--- Supplied data ---
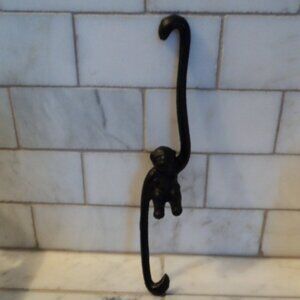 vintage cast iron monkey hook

* * *

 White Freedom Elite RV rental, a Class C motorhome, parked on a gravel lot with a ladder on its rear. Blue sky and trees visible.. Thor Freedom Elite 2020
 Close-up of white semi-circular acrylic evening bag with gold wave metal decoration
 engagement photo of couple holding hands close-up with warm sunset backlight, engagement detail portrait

--- Task brief ---
Lines holding the word "with" should be copied from the entries above.

--- Task answer ---
 White Freedom Elite RV rental, a Class C motorhome, parked on a gravel lot with a ladder on its rear. Blue sky and trees visible.. Thor Freedom Elite 2020
 Close-up of white semi-circular acrylic evening bag with gold wave metal decoration
 engagement photo of couple holding hands close-up with warm sunset backlight, engagement detail portrait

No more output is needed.